Although the progress was expected to excite industry players and stakeholders, prevailing loopholes and new clauses allegedly framed into the bill continue to set fear in the minds of stakeholders, a development, which may erode projected benefits in the nation’s most critical economic sector.
The Senate and the House of Representatives last Thursday set up conference committees to harmonise both versions of the PIB. The committees are expected to meet today while the harmonised version is also expected to be passed by both chambers before the lawmakers proceed on their yearly break.
This development is coming 50 years after Nigeria joined the Organisation of the Petroleum Exporting Countries (OPEC), raising concerns about the country’s fiscal environment.
Nigeria is consistently regarded as one of the most admired and respected members of the OPEC family, particularly in the realm of consensus-building, but its capacity to take advantage of rise in oil prices remains undermined by subsidy and local production challenges.
After 22 years of unbroken democracy amid revenue losses estimated at about $200 billion, the National Assembly had two weeks ago, passed the bill amid rancor and stern opposition from various sections of the country and the industry.
While a 30 per cent revenue allocation to development of frontier inland basin mainly in the North as well as dismal allocation to host communities fuel opposition, concerns over possible ban or duopoly in the downstream sector and a 10 per cent management fee, issues of Production Sharing Contract (PSC) as well as Joint Venture obligations have set the industry apart.
Also, Senate’s decision to award just three per cent to oil-bearing communities may not be the only controversial clause in the PIB, as a closer check has shown that the upper chamber provided that petroleum products can only be imported by refinery owners in Nigeria. While the bill expectedly removed price controls on petroleum products, the Senate version of the bill has a clause that constrains market competition by restricting the importation of products to only players with local refining capacity.
The government had been waiting for the Bill to ease the burden of petrol subsidy, but the decision by the Senate to impose restrictions on what is supposed to be a deregulated downstream sector is raising eyebrows among experts, who are calling for the provisions to be expunged. With the new scenario, it may become illegal for most marketers to import petroleum products, including already deregulated products, especially PMS, diesel, aviation fuel, lubricants and base oil unless they have licence for a refinery.
Stated in Section 317(8) of the Senate version of the bill, “The Authority shall apply the Backward Integration Policy in the downstream petroleum sector to encourage investment in local refining. To support this, licence to import any product shortfalls shall be assigned only to companies with active local refining licences. Import volume to be allocated between participants based on their respective production in the preceding quarter.

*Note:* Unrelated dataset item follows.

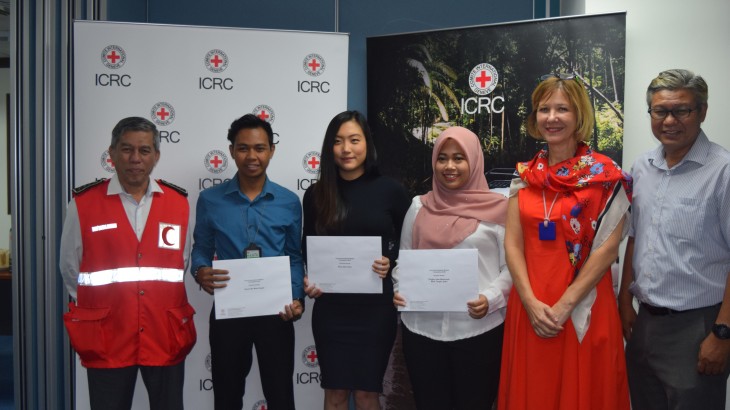 4 young writers win prizes for essays on challenges in humanitarian space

“Such import to be done under NNPC Limited Direct Sale/Direct Purchase (DSDP) scheme. To safeguard the health of Nigerians, imported petroleum products shall conform to the Afri-5 specification (50ppm sulphur) as per the ECOWAS declaration of February 2020 on adoption of the Afri-Fuels Roadmap.”
Some industry stakeholders, who spoke with The Guardian noted that the development, though encourages local development, may force existing players out of the market leaving a monopolistic market for the national oil company and big refiners.
Speaking on the condition of anonymity, a respected industry player said unless the clause is removed, there may not be a level playing field in the industry. “As price control is being removed, supply must be competitive, inclusive, transparent and seen to encourage efficiency,” he stated.
Former President of the Society of Petroleum Engineers Nigerian Council, Joseph Nwakwue, expressed concern that the provisions would create a duopoly in a price deregulated environment, thereby, destroying the Nigerian downstream industry.
According to him, “in the near term, only NNPC and Dangote will have domestic refining capacity for PMS for instance, so they will be the only importers. This takes the industry back and could not have been the intention of the Bill.
“Moving from a state-owned monopoly in a price regulated market to a duopoly in a price deregulated market is not what Nigeria needs now as it takes the industry backward and exposes Nigerians to exploitation and further hardship. This, in my humble view, is not reformatory.”
He pointed out that “rather than seek to protect refiners, we should seek to protect consumers by liberalising and expanding petroleum product supply sources. That is the only way prices will be ‘market-determined’ and consumers made to pay fair value for the products they buy. The viability of local refining is not determined or enhanced by locking out competition, it is rather achieved through price deregulation, which has been done in Section 205. This clause gives statutory unfair advantage to private players rather than through market competition,” he added.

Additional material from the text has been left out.